*Task brief*.
Here the job is to transcribe the data exactly while omitting the images.

*Collected data*.

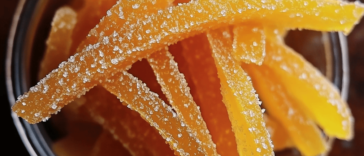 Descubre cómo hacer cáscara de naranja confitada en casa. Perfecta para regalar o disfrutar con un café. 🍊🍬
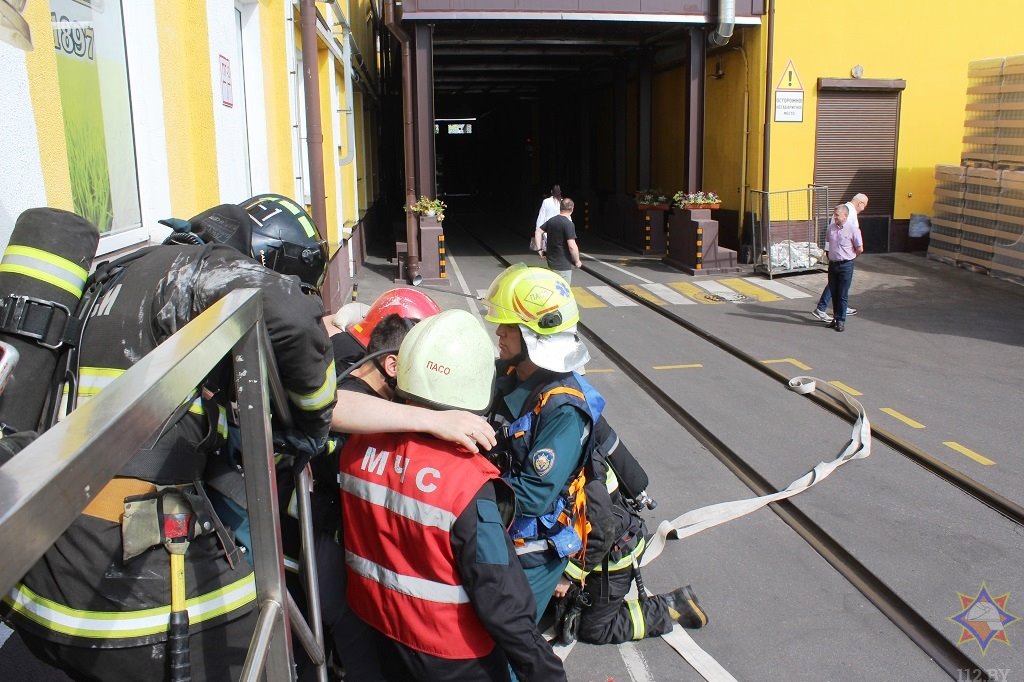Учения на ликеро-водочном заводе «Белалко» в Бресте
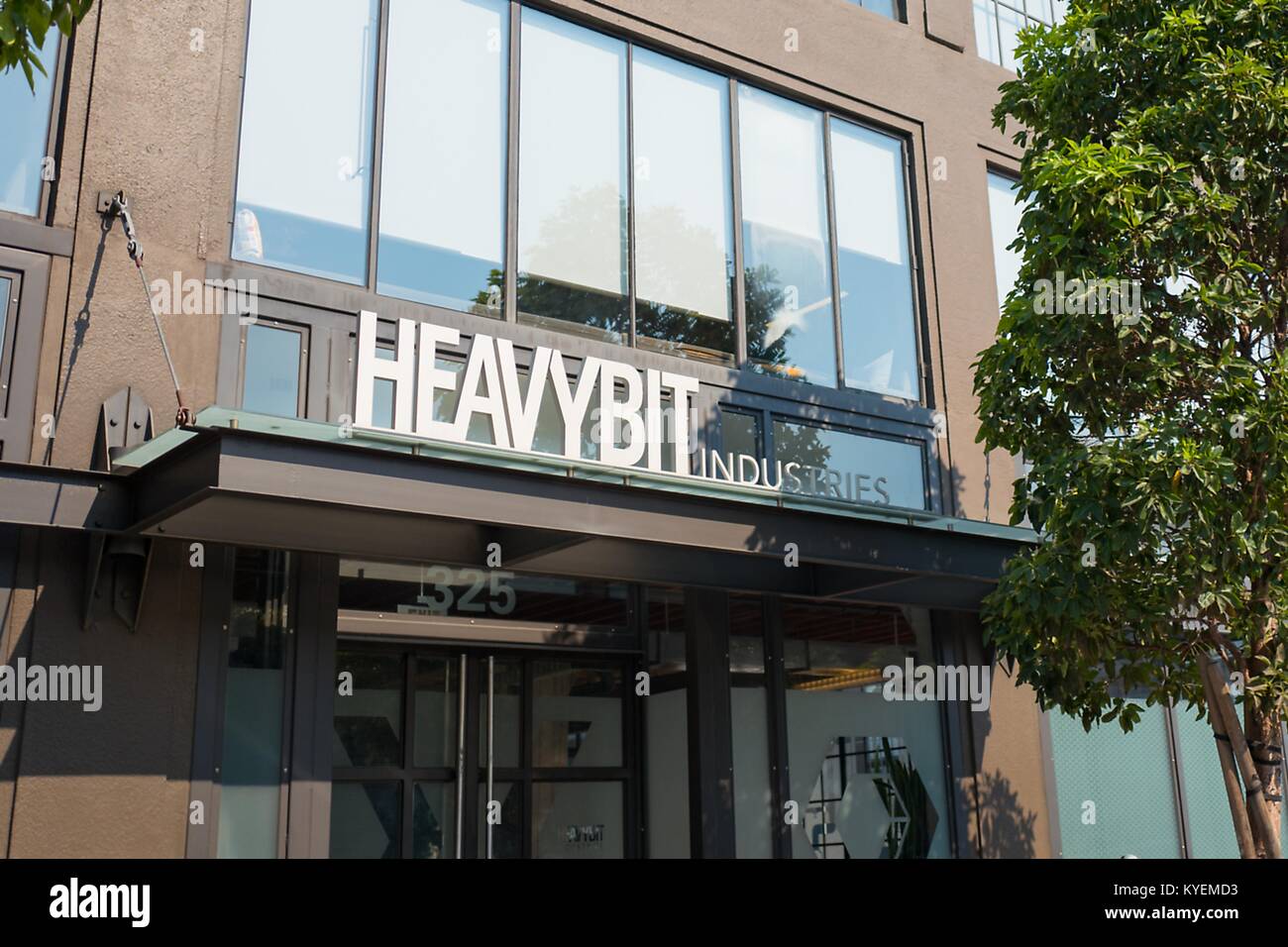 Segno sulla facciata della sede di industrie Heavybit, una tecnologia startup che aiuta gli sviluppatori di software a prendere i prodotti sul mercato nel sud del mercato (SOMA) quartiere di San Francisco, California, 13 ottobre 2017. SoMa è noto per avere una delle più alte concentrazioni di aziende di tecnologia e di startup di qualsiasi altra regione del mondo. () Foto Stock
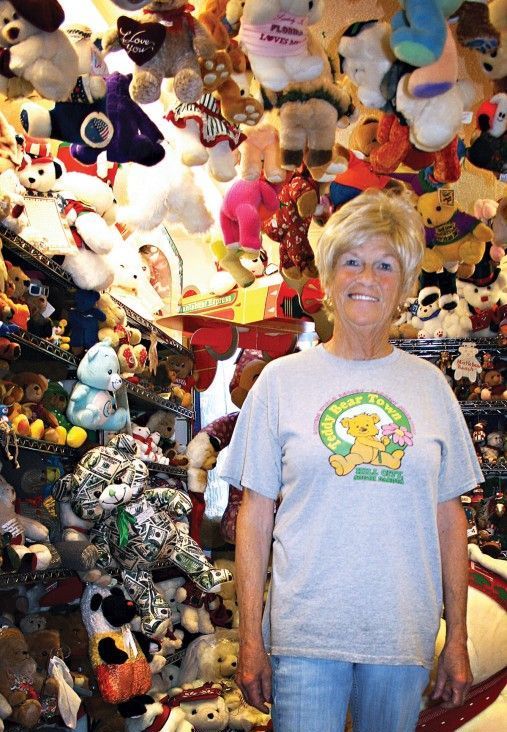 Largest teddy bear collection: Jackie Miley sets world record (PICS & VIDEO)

*Written response*.
 Descubre cómo hacer cáscara de naranja confitada en casa. Perfecta para regalar o disfrutar con un café. 🍊🍬
Учения на ликеро-водочном заводе «Белалко» в Бресте
 Segno sulla facciata della sede di industrie Heavybit, una tecnologia startup che aiuta gli sviluppatori di software a prendere i prodotti sul mercato nel sud del mercato (SOMA) quartiere di San Francisco, California, 13 ottobre 2017. SoMa è noto per avere una delle più alte concentrazioni di aziende di tecnologia e di startup di qualsiasi altra regione del mondo. () Foto Stock
 Largest teddy bear collection: Jackie Miley sets world record (PICS & VIDEO)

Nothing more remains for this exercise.